Distillery: Mortlach
Region: Speyside
Age: 16 years
Strength: 46.3%
Price: $104.99
Maturation: ex-Sherry casks
Location: Dufftown
Nose: Floral, fresh-cut grass, cherry, sherry, almond
Palate: Bubblegum, cherry
Finish: Cherry, banana, lemon zest

Comments: Adding water makes it dryer somehow. How the 2.81 times distilled is reached is not quite clear even with the graphic on the side of the box, but one would assume the number is not completely arbitrary and there is the occasional attempt to break it down further. Here’s a good one.

Adam – There’s something almost sour to the finish but it never reaches unpleasant. There’s a lovely buttery taste with a surprising spice on the back end of the palate to carry you into the finish. This is a substantial whisky, so let it coat the interior of your mouth and chew. It feels maritime to me, even though there’s not a salt spray element to it.

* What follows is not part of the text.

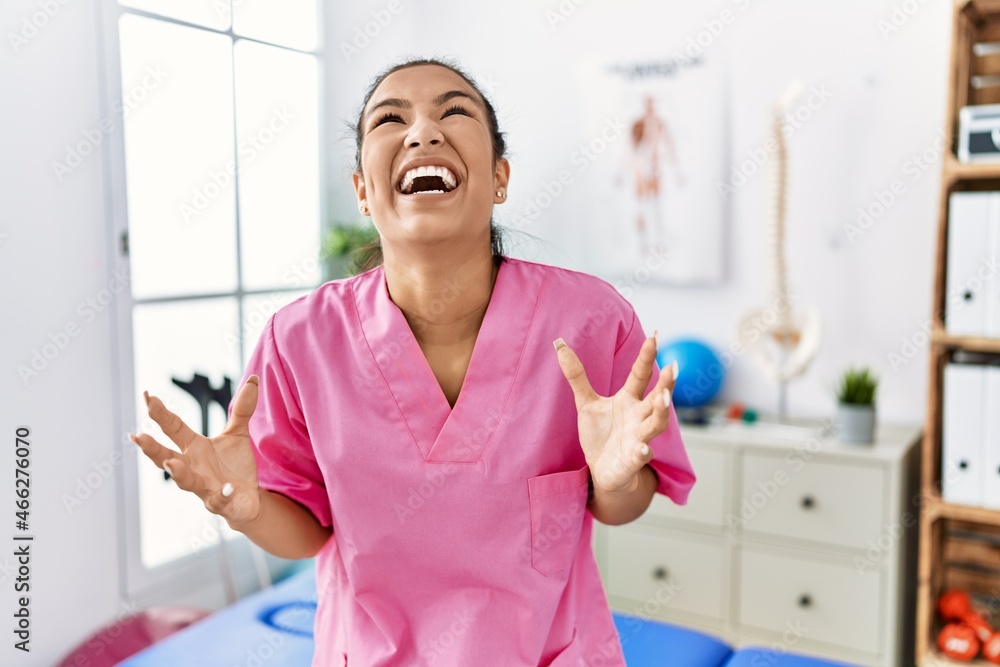 Obraz premium Young hispanic woman working at pain recovery clinic crazy and mad shouting and yelling with aggressive expression and arms raised. frustration concept.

Meghan – The Mortlach 16 is a strange whisky. It’s very sweet and sugary, like strawberry bubblegum, but it is also extremely dry- almost parching. It makes you crave water but makes your mouth feel so dry that it’s hard to imagine water not evaporating before it hits your tongue. It is like eating strawberry-flavored lollipop on a searing hot summer day during a drought. The kind of day where the sidewalks burn your feet and the candy just melts into goo, leaving a sticky Strawberry Shortcake doll-scented residue on your hands. A stickiness that is actually so dry it is almost a protective coating that resists being washed off, the kind that is more easily removed by rubbing your hands in dirt than using water. The whisky itself is not actually very hot or spicy. It definitely falls under the sweet and light flavor category but the dryness just puts it in a class by itself. The finish is quite short and leaves a bit of artificial banana essence. If heat rash was a whisky, it would be this whisky. I don’t know whether I like it or not. It is definitely intriguing though. I’d like to try it again on a very hot day to see how it holds up.

Can it be like a grown-up bubblegum?

Michael – I love that kind of spring theme in the nose, but moving into the taste I was surprised by the sharp edges. Adding water helped settle it. 

Mary-Fred – Can it be like a grown-up bubblegum?

Ben – Spring is in the air, it’s date night, Easter time. There’s nothing in here that’s bossing the other elements around. The Mortlach 16 is very balanced. The palate leaves a wonderful taste hanging on the tongue. It makes my mouth feel very dry.

Kate – There’s a little mineral taste on the finish. I don’t like the nose as much after water. It’s like walking into a store and they’ve over-polished the furniture. 

Henry – It’s chewy at the end. The Mortlach 16 makes me want a good Dominican cigar. It makes me want to smoke. It’s a very spring kind of scotch.